As malodor masking techniques continue to evolve, some challenges have come to the forefront around consistency and masking with certain fragrances. The malodor experience can vary widely from human to human and culture to culture, making it difficult to create standards across populations and geographies. Malodors also evolve over time, creating challenges around establishing a consistent, time-based odor analysis.

When it comes to masking a malodor itself, many brands and users jump to masking with what they consider a “more pleasant” fragrance. However, masking with fragrance can result in an even higher intensity odor although the malodor itself is usually decreased. This creates complications around untangling bad odors from fragrance and some combinations might ultimately give rise to other worse malodors. We’re seeing several technologies, such as digital olfaction, emerge that can help dissect and address these challenges.


Using human panels alone to screen malodors has its downfalls – but technology can help 

As brands roll out products, many rely on consumer testing through focus groups and panels to screen odors. Odors are complicated and difficult to standardize, so a human’s assessment is extremely valuable. But while human testing has its benefits such as faster results for gas odor samples and direct links to actual human perception, the approach falls short in a number of ways.

Panel design can be time consuming and expensive to organize, and accounting for diversity has become a significant issue. When testing via a human consumer panel, brands are often limited to the demographics of the area which can skew the results. Further, the sheer act of repeatedly assessing unpleasant odors is an unwelcome task for many, making recruiting testers a tricky task. Humans also risk experiencing olfactory fatigue (diminished sensitivity to all odors) and adaptation (diminished sensitivity to one specific odor to which one has been exposed for a prolonged time) which impacts their ability to consistently evaluate odors over time.
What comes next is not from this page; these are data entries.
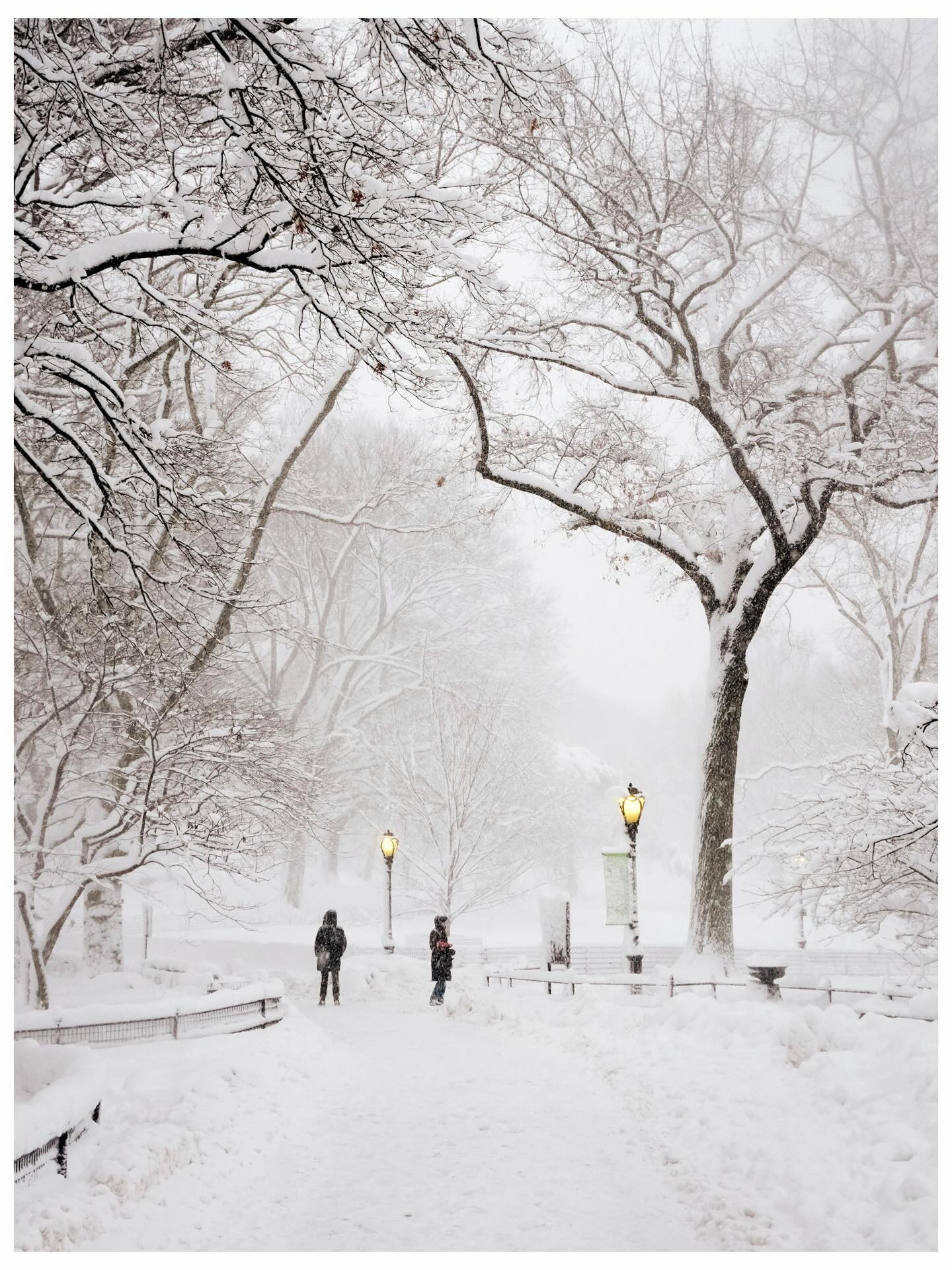 Phía sau khung cảnh New York trắng xóa như cổ tích những ngày này- Ảnh 2.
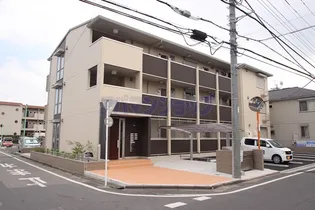 スイート ラディアンスの画像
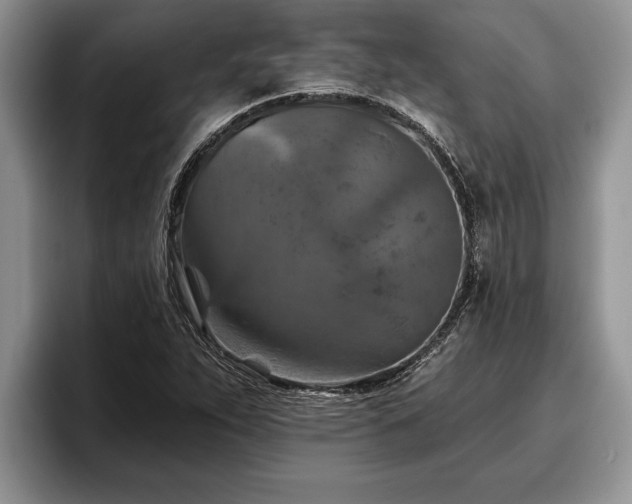 X0000095881263200801181158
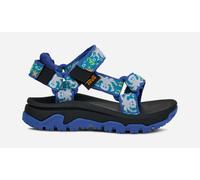 TEVA Hurricane XLT JR Sandals in Ocean Creatures Dazzling Blue, Size 4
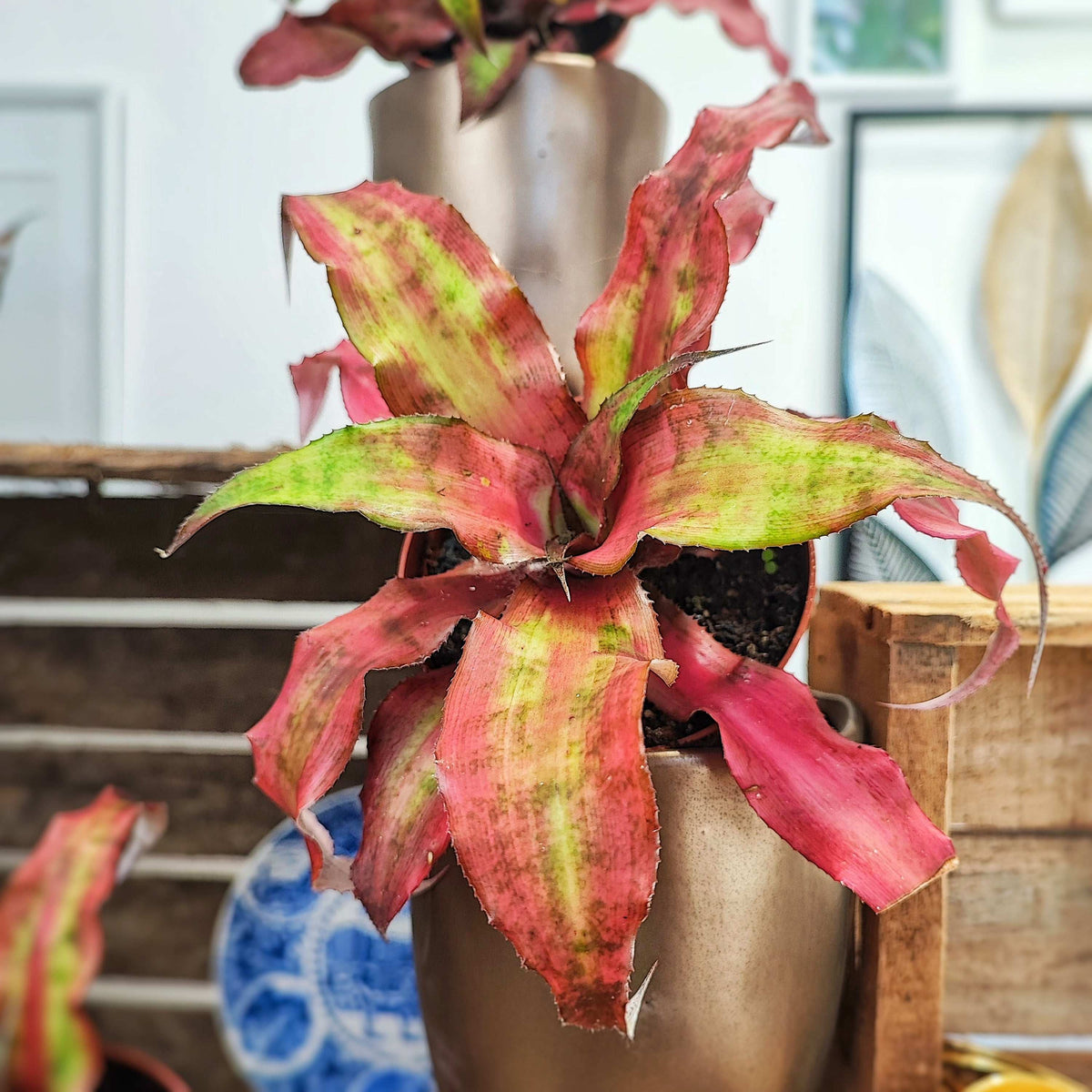 Cryptanthus bivittatus Strawberry Flambee monjungle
This is why many brands have turned to incorporating analytical equipment and technology for more efficient and effective odor testing. It’s safe to say that equipment doesn’t tire and can run 24/7. It does not experience olfactory fatigue or adaptation and can test more formulations than humans in any given time period. Many labs use a host of analytical techniques such as gas chromatography–mass spectrometry (GC-MS) to help augment the testing process. However, GC-MS can take a long time for results with limited throughput, resulting in a limited capacity for screening samples. Digital olfaction also quickly assesses materials and ensures product consistency through odor analysis, streamlining results by enabling labs to send only the best performing products to human panels for final evaluation.


Innovation is on the rise!

There were a few malodor innovations discussed at the event that I was particularly excited about. The first being the increased application of machine learning and artificial intelligence to augment human panels to empower brands to better account for regional and cultural preferences. Even though it is clear that technology helps expedite malodor testing, some level of human involvement in the evaluation process will need to remain (at least in the near future), so addressing this diversity challenge is critical.

Along the same lines, the industry is working towards a solution to make digital tools more relevant and representative of the human smelling experience. How can data be translated into hedonic characteristics, and even into like/dislike or judgment? The jury is still out on this one, but we’re seeing more organizations experiment with building models around how data and specific patterns could be translated into hedonic characteristics. In an ideal world, input and data from human panels and technology, like digital olfaction tools, would cross-feed each other for the most accurate and streamlined malodor analysis.